[Start of Attachment]

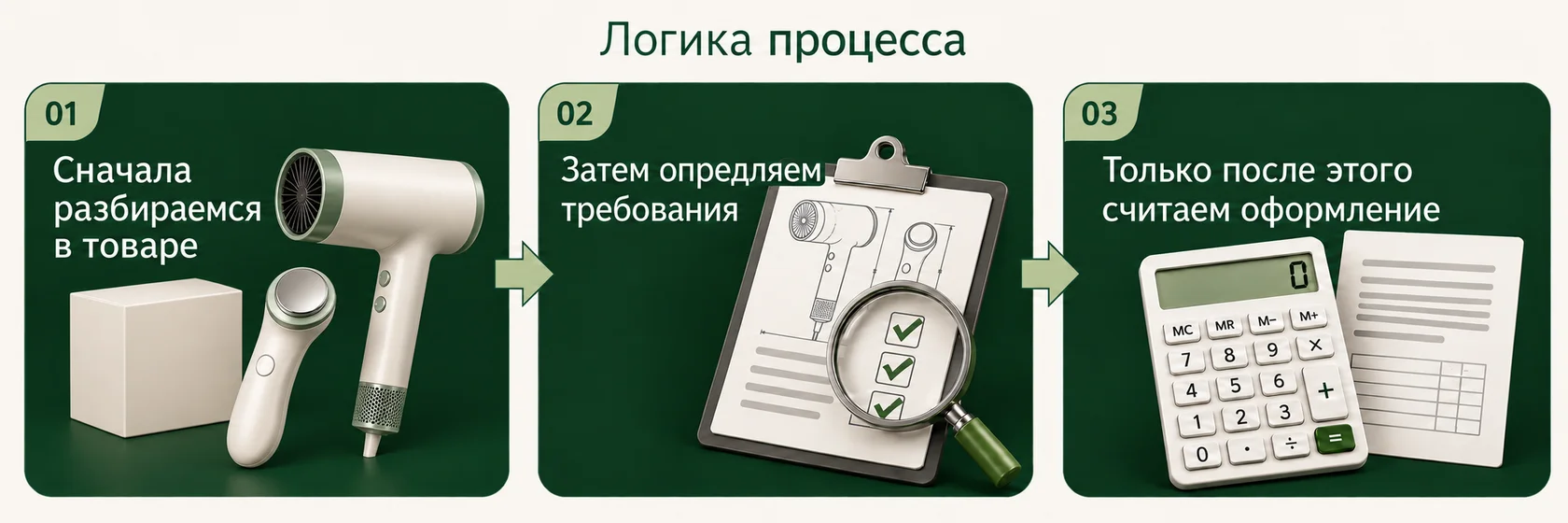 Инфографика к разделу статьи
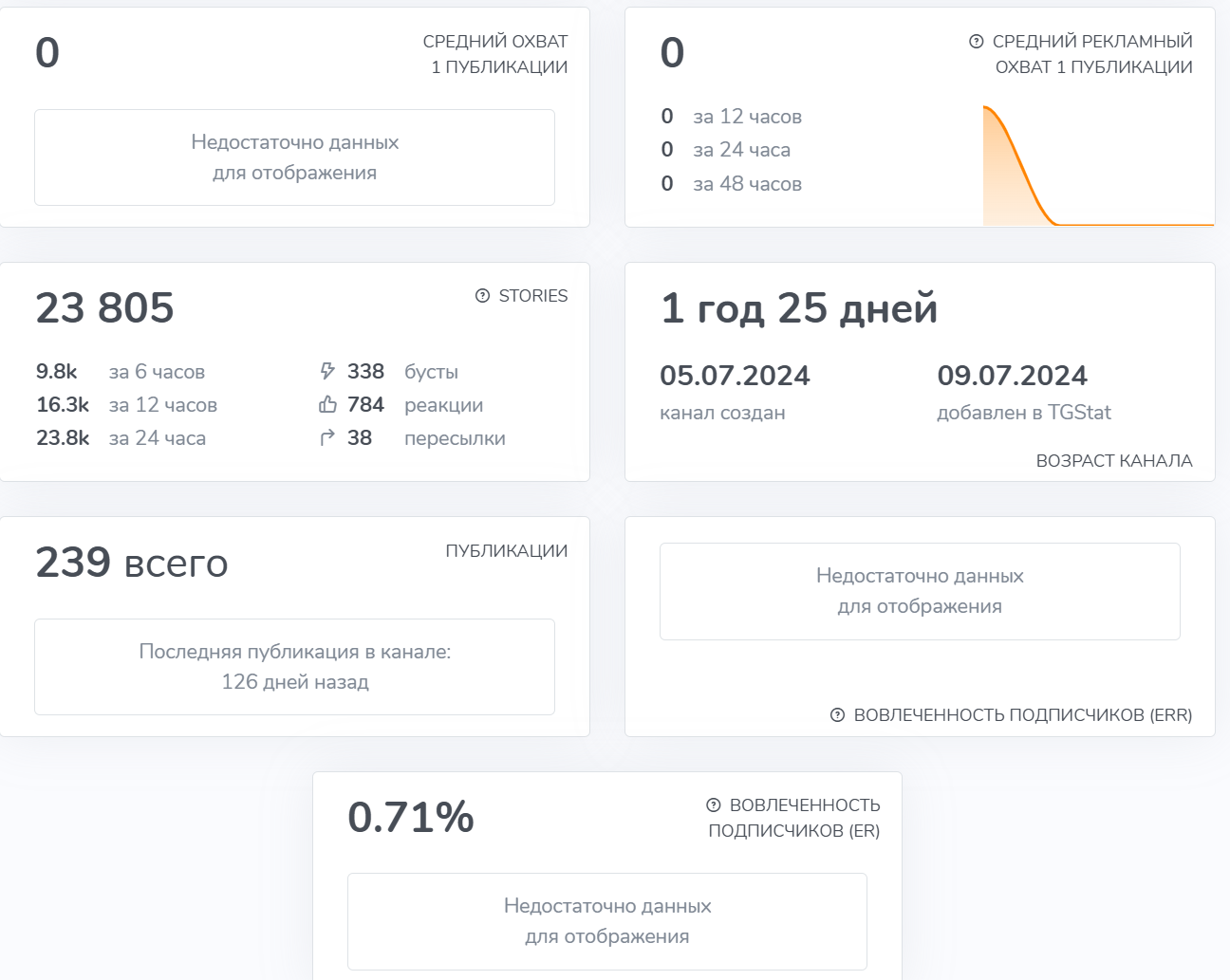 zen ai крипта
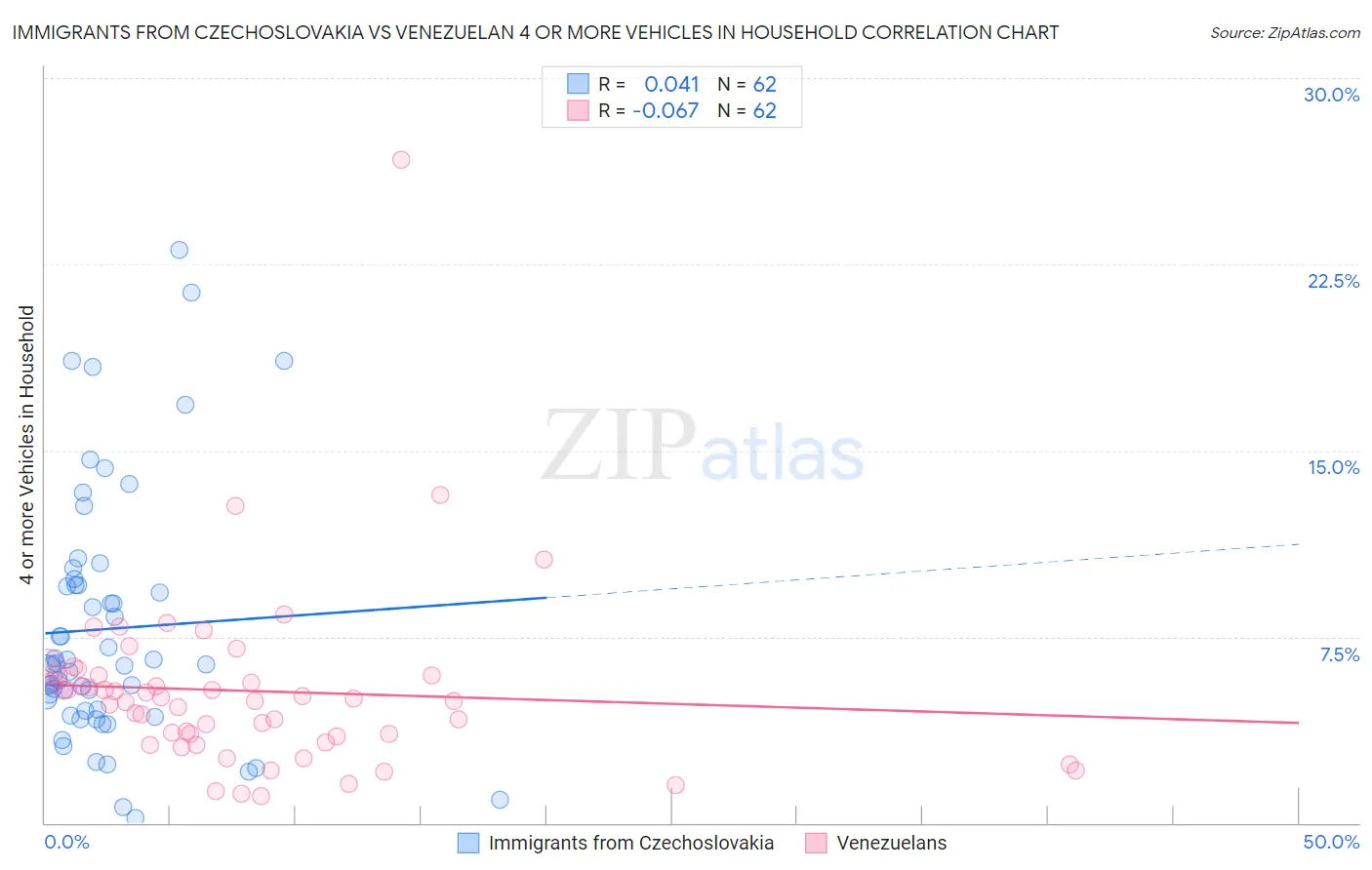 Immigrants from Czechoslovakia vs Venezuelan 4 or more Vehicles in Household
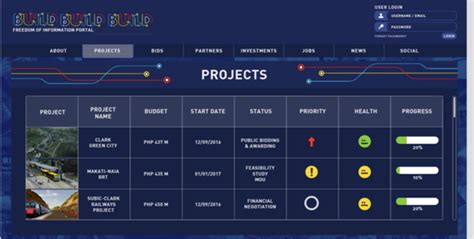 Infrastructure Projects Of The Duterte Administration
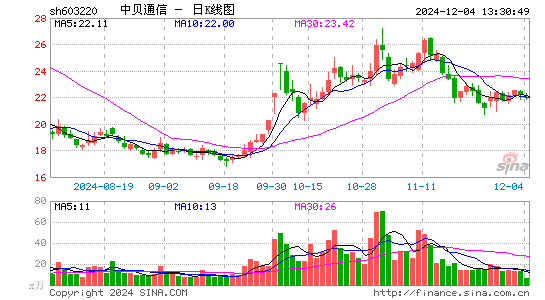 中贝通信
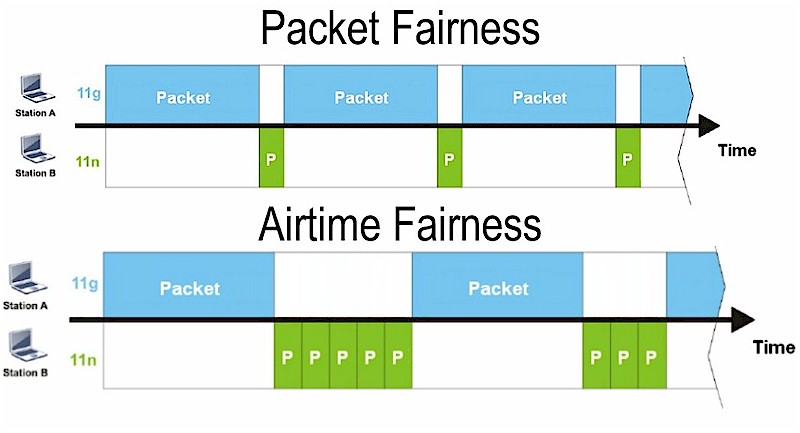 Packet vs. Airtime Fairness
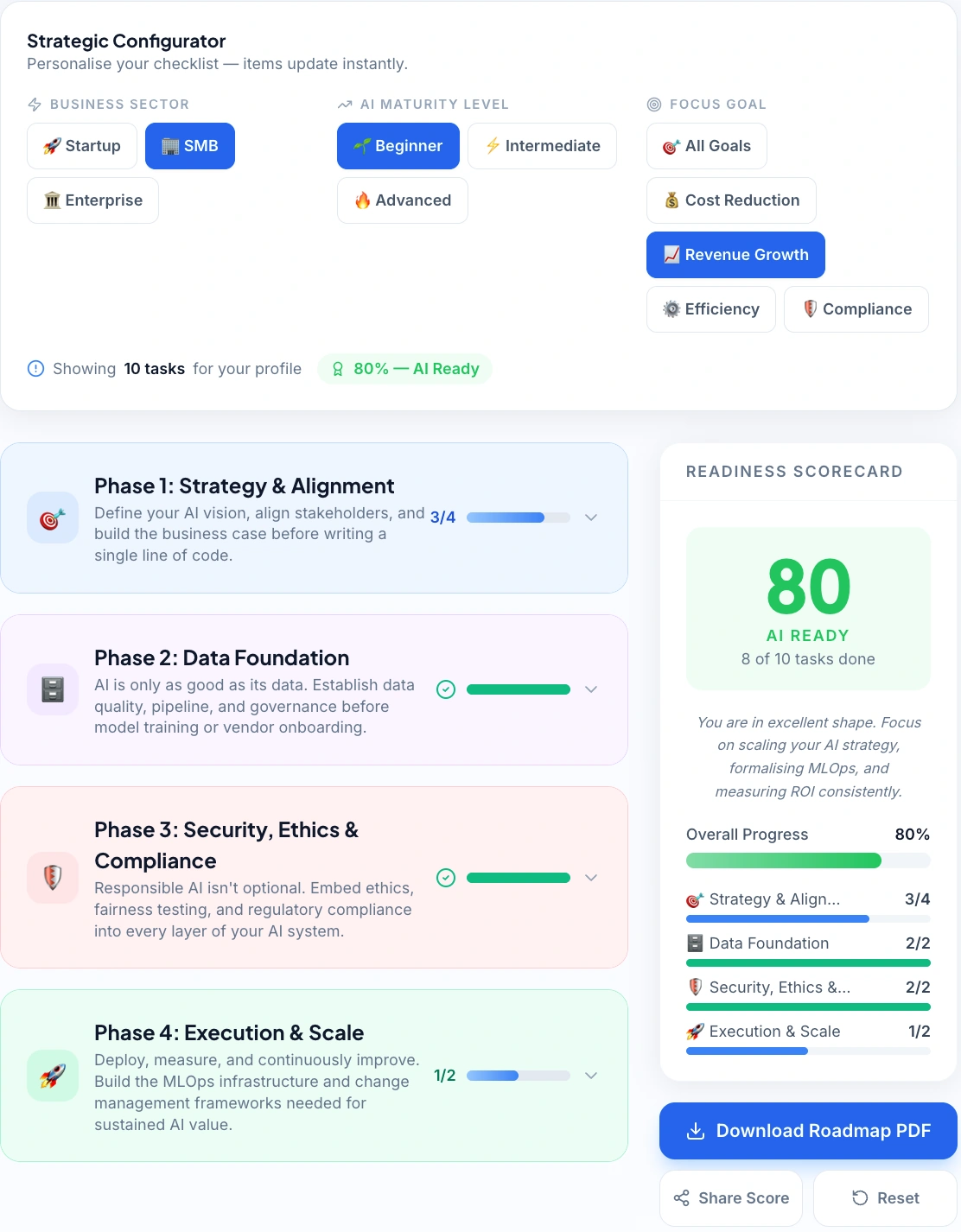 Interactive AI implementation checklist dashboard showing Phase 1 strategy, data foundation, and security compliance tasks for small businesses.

[End of Attachment]

» WORK ORDER
Where the data contains an image, skip the image and copy everything else exactly as it appears.

» YOUR SOLUTION
 Инфографика к разделу статьи
 zen ai крипта
 Immigrants from Czechoslovakia vs Venezuelan 4 or more Vehicles in Household
 Infrastructure Projects Of The Duterte Administration
 中贝通信
 Packet vs. Airtime Fairness
 Interactive AI implementation checklist dashboard showing Phase 1 strategy, data foundation, and security compliance tasks for small businesses.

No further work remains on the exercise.